Certa, porque reproduz o critério de objetividade no atendimento do interesse público, com vedação à promoção pessoal de agentes ou autoridades.
- B)Cobrança de despesas processuais e impulsão, com requerimento do cidadão, do processo administrativo.
Errada, porque a lei prevê impulsão de ofício do processo administrativo e não autoriza, como regra, cobrança de despesas processuais nesse contexto.
- C)Indicação dos pressupostos de fato e de direito que determinarem a decisão.
Certa, pois a motivação do ato deve indicar os pressupostos de fato e de direito que sustentam a decisão administrativa.
- D)Interpretação da norma administrativa da forma que melhor garanta o atendimento do fim público a que se dirige.

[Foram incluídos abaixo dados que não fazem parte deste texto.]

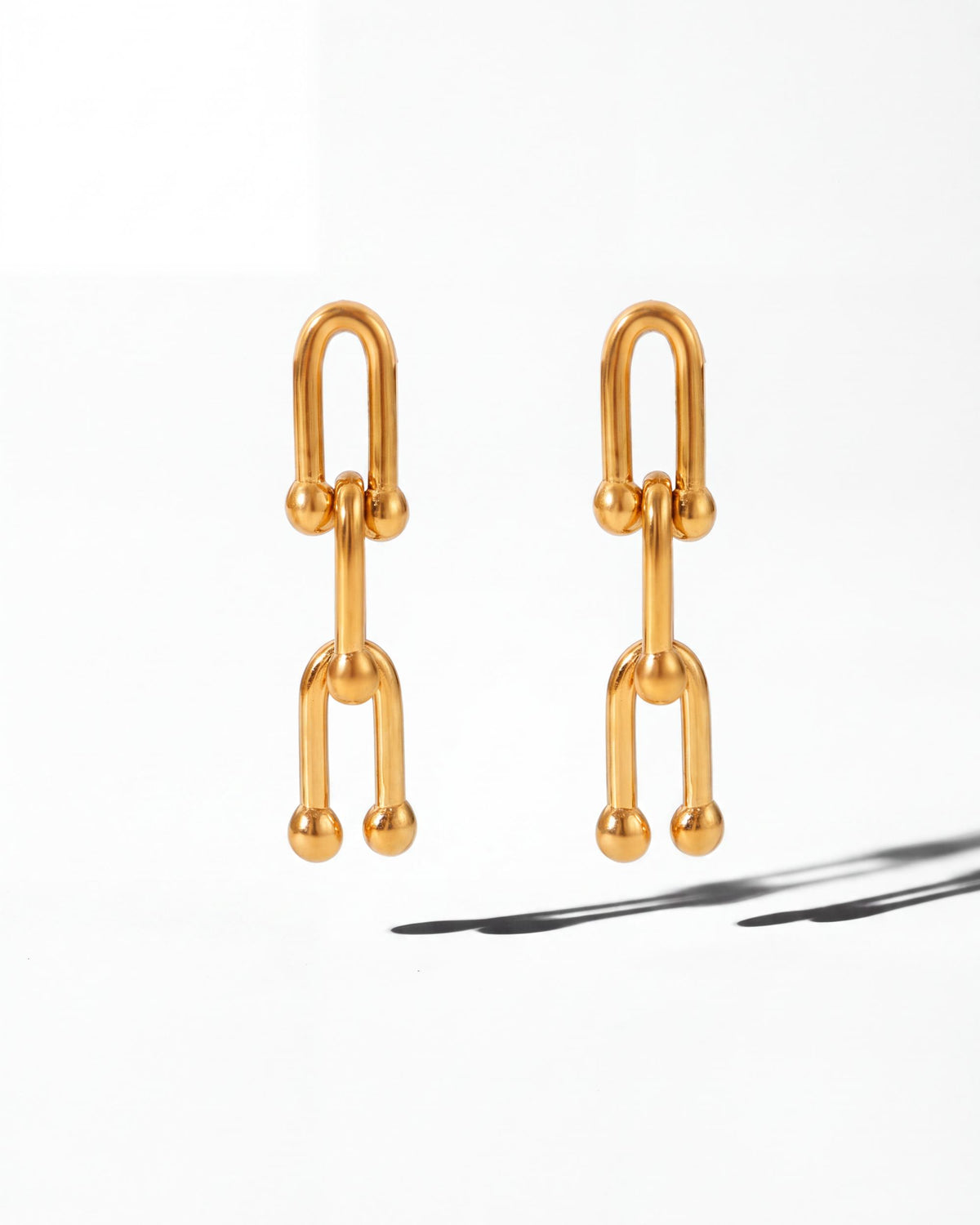 U-Link Drop Earrings - Gold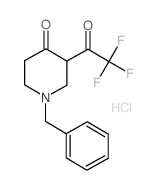 1-苄基-3-(2,2,2-三氟乙酰基)哌啶-4-酮盐酸盐结构式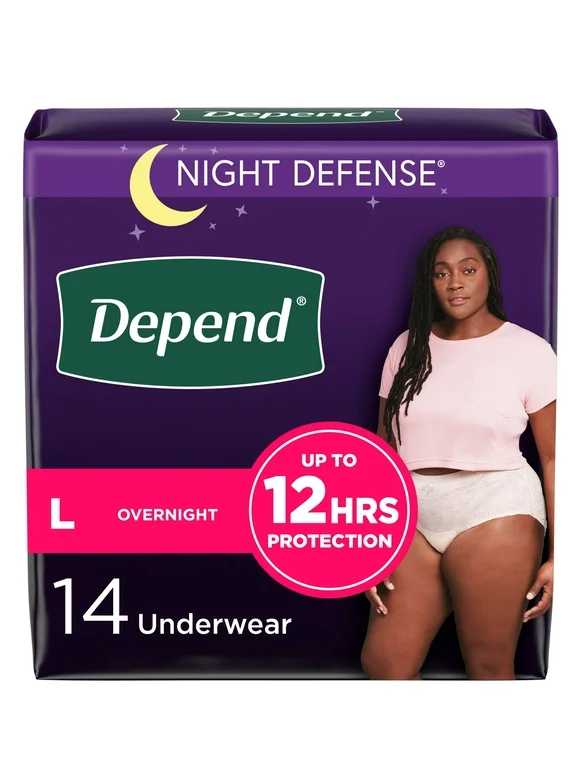 Depend Night Defense Women's Incontinence & Postpartum Bladder Leak Underwear, L, 14 Count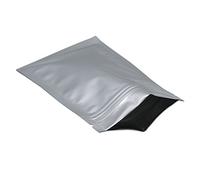 WACCOMT Pack 100 sachets mylar plats avec fermeture éclair pour aliments argent aluminium thermoscellable avec encoche de déchirure - 10 x 17,5 cm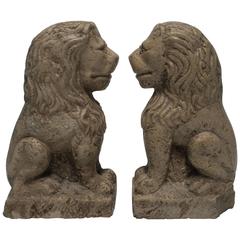 Tall Pair of Neoclassical Stone Lion Sculpture Bookends or Decorative Objects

Certa, porque a interpretação da norma administrativa deve buscar a melhor forma de atender ao fim público a que ela se dirige.
Gabarito: B
Essa questão cobra os critérios que orientam o processo administrativo, especialmente os do artigo 2º, parágrafo único, da Lei 9.784/1999. A ideia central é simples: a Administração não pode agir de qualquer jeito, como se estivesse em modo “faça você mesmo” sem regra. Ela deve seguir parâmetros como objetividade, motivação, eficiência, interesse público e interpretação voltada ao fim coletivo. O ponto mais cobrado aqui é que o processo administrativo deve ser impulsionado de ofício, isto é, pela própria Administração, sem ficar esperando o cidadão ficar empurrando a fila o tempo todo. Além disso, a norma também veda a cobrança de despesas processuais, salvo hipótese legal específica. Ou seja, a lei quer facilitar o acesso do administrado, não criar pedágio burocrático. Por isso, a alternativa B está incorreta: ela inverte os comandos legais ao falar em cobrança de despesas processuais e em impulsão condicionada a requerimento do cidadão. Na prática, a regra é justamente o contrário do que foi dito ali. É um clássico de banca: trocar o texto da lei por uma versão “ao avesso”. As demais alternativas reproduzem critérios legais expressos, como a objetividade no atendimento do interesse público, a indicação dos fundamentos da decisão e a interpretação da norma administrativa de forma mais favorável ao fim público. Isso vem bem alinhado com a Lei 9.784/1999 e com a lógica da atuação administrativa orientada ao interesse coletivo.